W32.Babelloh


Aliases: Win32/Meredrop, W32/AutoRun-GW, Worm.Win32.AutoRun.cd
Variants: N/A

Classification: Malware
Category: Computer Worm

Status: Active and Spreading
Spreading: Moderate
Geographical info: Asia, North and South America, and some parts of Europe and Australia
Removal: Easy
Platform: W32
Discovered: 05 Dec 2007
Damage: Medium

Characteristics: The W32.Babelloh is a network aware worm that is capable of copying itself to removable hard drives and shared folders of the compromised computer system. It is also able to open up a backdoor in the infected machine.
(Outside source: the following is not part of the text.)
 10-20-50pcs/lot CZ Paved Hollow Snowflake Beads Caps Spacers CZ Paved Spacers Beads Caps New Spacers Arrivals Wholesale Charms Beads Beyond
More details about W32.Babelloh

Allegedly, the W32.Babelloh program can open a backdoor port on infected computer, allowing remote unauthorized access. This worm can copy itself to shared folders and removable drives. Once in the compromised system, this program will create the mutex ("NameOfMutexObject2"). This mutex is used so that only one instance of the W32.Babelloh worm runs in the computer. It will also create the files cblogsvr.ini, spoolssv32.exe, mgrShell.exe, and wmiprvse.exe in a drive of the infected machine. The worm will also create the files L4SD\ 1CE993C1.db and the ~RHF524.log in the Temp folder. The W32.Babelloh worm can also create some files with system and hidden attributes on mapped and removable network drives. These files include the autorun.inf, recycler, RECYCLER\ desktop.ini and RECYCLER\ desktop.exe. The worm also copies and spreads the encrypted file RECYCLER\ [8 hexadecimal characters].db to local .docx, .ros and .doc documents. The worm W32.Babelloh will also create some registry entries to enable it to run when Windows starts up.
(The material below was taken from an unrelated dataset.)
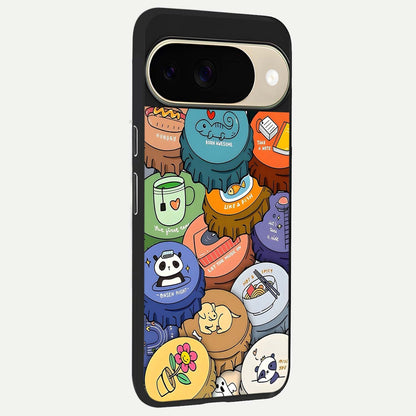  Coins Patterns back cover For Google Pixel 9 slim fit glass case with vibrant aesthetic design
The W32.Babelloh worm also checks if the machine is connected to the Internet by accessing the website http://windowsupdate.microsoft.com. The worm will then drop more malicious software to the already infected machine which will open up a backdoor and try to connect to pre-determined websites such as http://qack.nu, http://lack.bpa.nu and http://pbwoman.6600.org on TCP ports 8088 or 8080 and 80. To completely remove the worm W32.Babelloh, you would have to remove all the files it dropped to the machine and delete the registry entries it uses to run at every startup. You would also have to restore the values it has altered in the registry subkeys to their default settings.